The End of the Full Stack Developer
Around 2009 I started calling myself a full-stack developer. In practice I was probably more of a ¾ stack developer, since I didn’t really like the front-end part and I have the visual design sensibilities of a command-line devotee. But at that time, if pressed, I could build a full web app and deploy it to a server. Since I’ve always thought of myself as a generalist, I liked the idea that I could turn being a jack-of-all-trades into a sort of speciality.
The term full-stack derives from the bundles of software used to build and serve web applications, first identified with the LAMP stack (Linux, Apache, MySQL, PHP). Although I can’t find a definitive reference for its origin, the term “stack” is certainly used because you could picture these components as layers, one on top of the other. Expertise in all of the layers sufficient to build and deploy a web app made one “full-stack”. In reality, most self-proclaimed full-stack developers are people with strong expertise in one or two layers and enough to get by in the others.

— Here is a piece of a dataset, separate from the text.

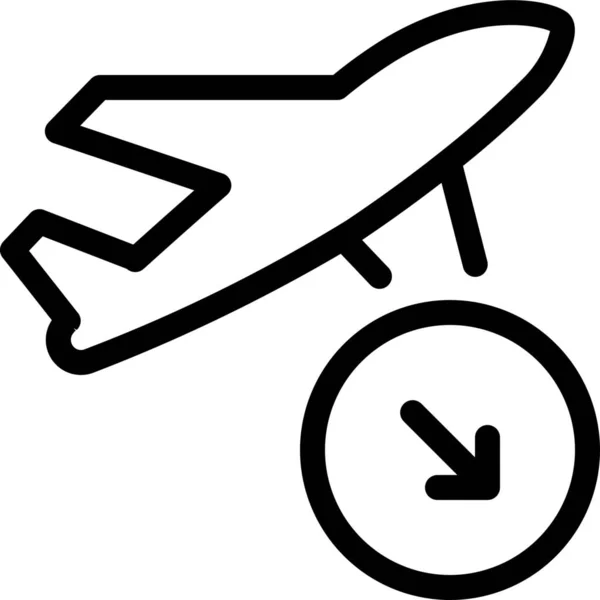 Icono Del Avión Aterrizaje Con Mosca Vehículos Modos Transporte Categoría — Archivo Imágenes Vectoriales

Now, 15 years later, it’s hard to remember that it was ever so simple. Back then people were starting to experiment with server configuration tools like Puppet and Chef, and bigger companies had home-grown deployment systems. But the CI/CD pipelines and infrastructure-as-code technologies that are now common were a pipe dream (pun intended). That was near the beginning of the cloud era for most orgs, but it was still common in small- to medium-size companies to copy code to servers and start it manually.

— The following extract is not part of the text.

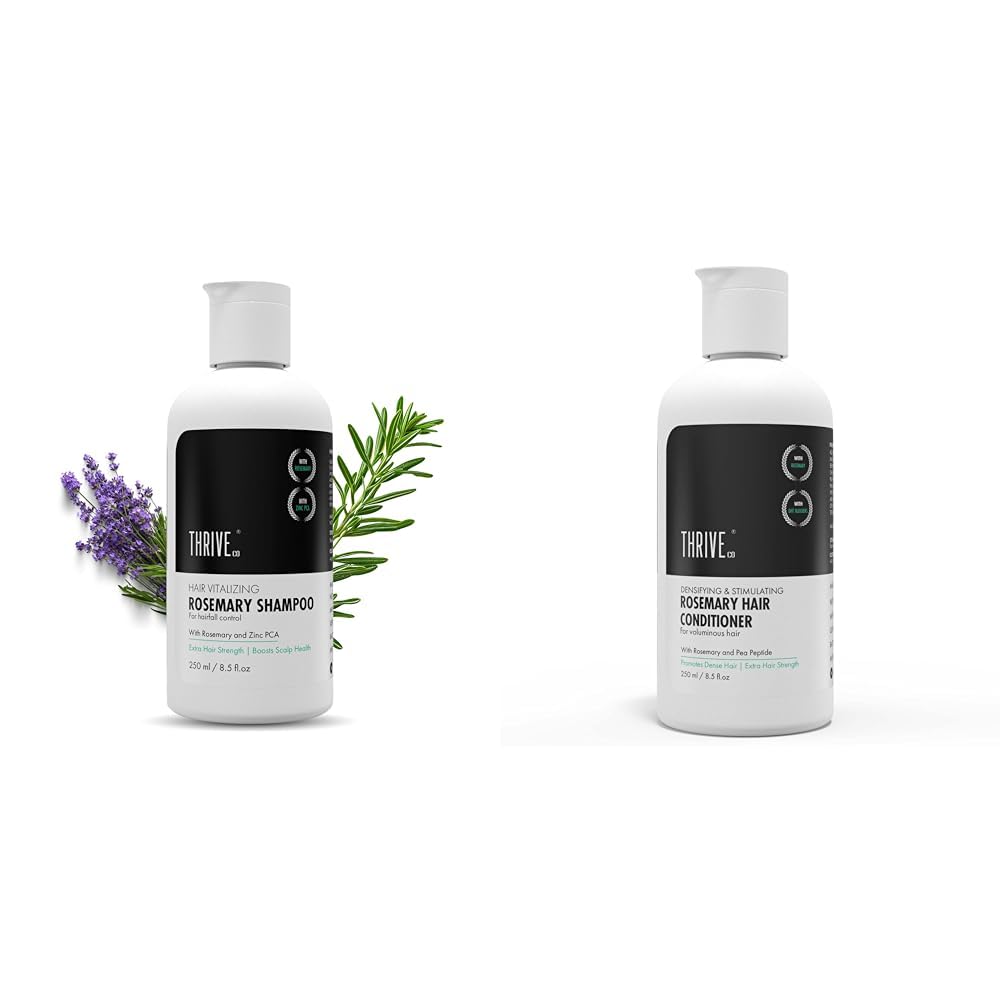 ThriveCo Rosemary Shampoo + Rosemary Conditioner For Voluminous Hair | Densifying & Stimulating Hair Growth | Promotes Hair Strength With Hyaplex™, Pea Peptide & Caffeine for Men & Women | 250ml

My thinking has evolved on this, however. I now believe that it’s no longer really possible to be a full-stack developer, even though there are dozens of organizations promising to train people to become one and hundreds of job ads seeking to hire one. The original idea, of being able to do everything necessary to deploy a web application, is an illusion. Nobody is a generalist, you can only be more or less specialized.
Many will object that this view depends on the size of the organization. If you’re the only dev at a start-up, you have to do everything, right? That was once true (I’ve been that solo developer), but the way people survive at start-ups now is by either ignoring some aspect of modern engineering or by relying on tools that are built into your cloud platform (essentially buying rather than building). For example, the site you’re reading was deployed from CloudFlare. I didn’t have to build a deployment pipeline, I just pointed the platform at a GitHub repo. I didn’t have to worry about web server configs or certificates or even provisioning virtual machines.
There are still people who can write code at every level of the stack, build deployment pipelines, manage cloud infrastructure, and design systems. I know some of them, but they are rare and most would admit that they can’t really keep up with everything in every area. Specialization is the norm now, and the specialities get more narrow every year. There are front-end and back-end specialists, but also DevOps and data engineers and UX specialists and ML ops and security engineers and performance engineers, etc. My focus for years has been toward data engineering, and I still learn about new things every week.
The 2024 view of this might be: “the AIs will eventually do all of these jobs anyway.” Maybe, I would respond, but the near-term version is that AI agents will be assistants in the development process (“interns” seems to be a term growing in favor). Using them well will require a new skill, maybe even a new speciality. There’s already an emergent field of AI engineering, which requires knowledge of prompting techniques, semantic search, and agent construction. People who can program GPUs are in high demand. I’d argue that even skill with libraries like PyTorch and TensorFlow should be in the toolkit of not only data scientists but also many engineers building applications.
In truth there is no stack anymore, more of an ecosystem in which the components contribute to different degrees depending on the type of application. Sure, there are still web and mobile apps that serve up data or let you buy stuff. There are still browsers, web servers, application servers, databases, and operating systems. But if you look behind the scenes of even basic applications, you’ll see orchestration platforms, analytics pipelines, observability frameworks, and security monitoring. You’ll see load balancers, application gateways, event streaming, and task queues. This is not only at FAANG or Magnificent Seven companies, it’s the reality of any technology-driven business.